October 28, 2009
Petzal: How to Sweat Up A Ridge
By David E. Petzal
This past summer, a geezer friend of mine was railing at the current generation of hunters who roost in trees like so many spavined turkeys and rarely walk anywhere.
“They haven’t sweated up ridges like you and I have,” he snarled.
Sometimes, you gotta walk uphill, and if you haven’t done much of it, here are some tips from someone who has done a lot it and hated every yard.
*Pay careful attention to how much weight you’re packing, both on your carcass and in your pack. Your boots are especially important. A pair of heavy boots will weigh you down worse than would our current Secretary of State in your backpack.
*Before you start, take off your hat, your gloves, and whatever you wear around your neck. Open your coat. If you have a vest or a down shirt under the coat, put it in your pack. It will do you no good to get all the way to the top and then freeze in your own sweat.

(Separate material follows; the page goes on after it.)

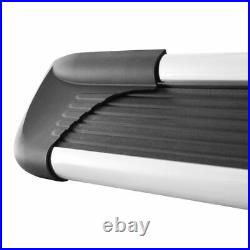 Westin For 01-18 Chevrolet Sure Grip Running Boards 27-6640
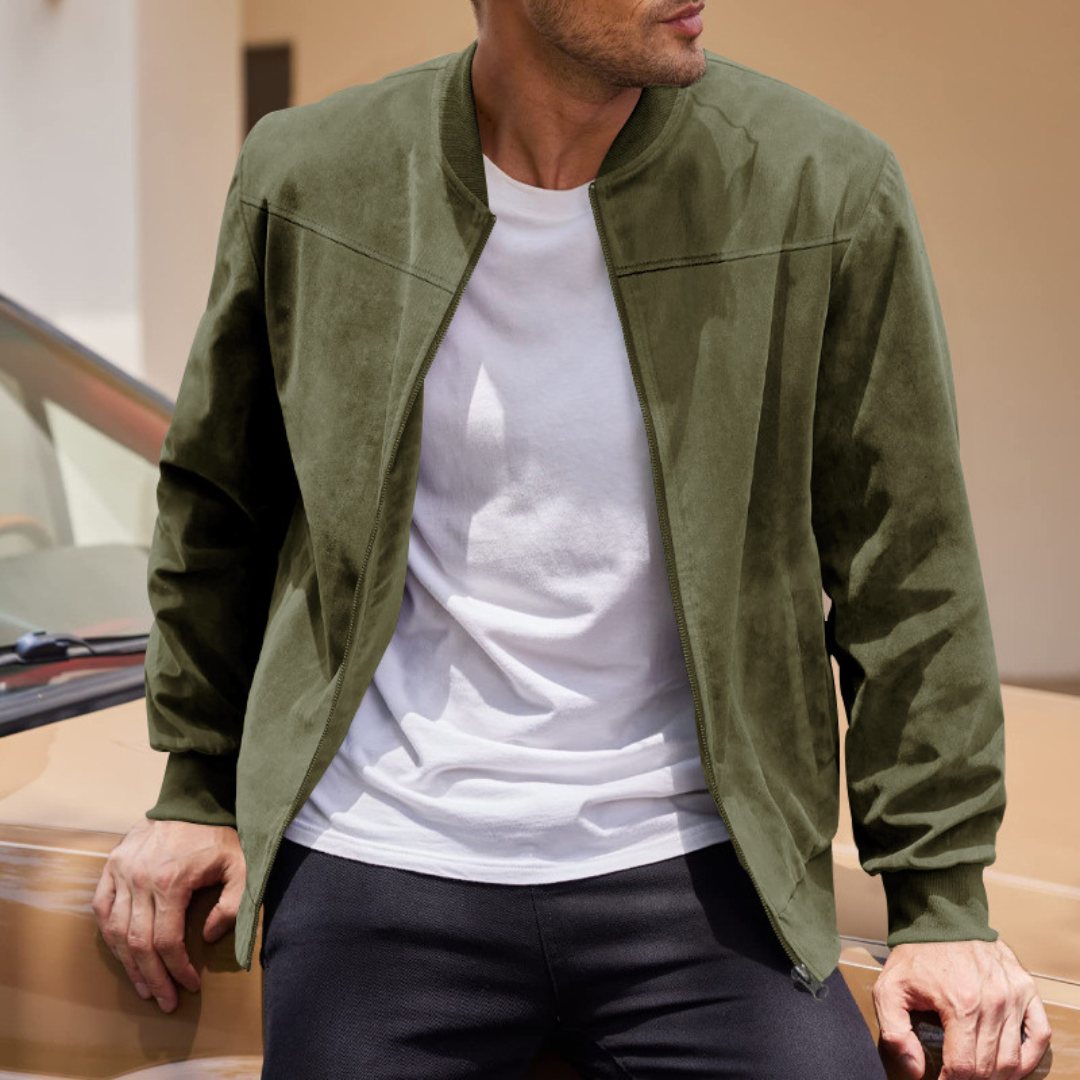 Men's Lightweight Transitional Jacket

*The way to climb is with a catatonic plod. If you have to stop and catch your breath every few minutes you’re going too fast.
*If you are 60 or older, do not hunt with people who are younger. No matter what kind of shape you are in you are not going to match strides with someone who is 20 years younger. Go with geezers only.
*If you do go hunting with people who are younger and fitter than you, don’t expect sympathy and don’t expect them to slow down for your benefit.
*Don’t look up, ever. Keep your eyes on the trail right in front of you.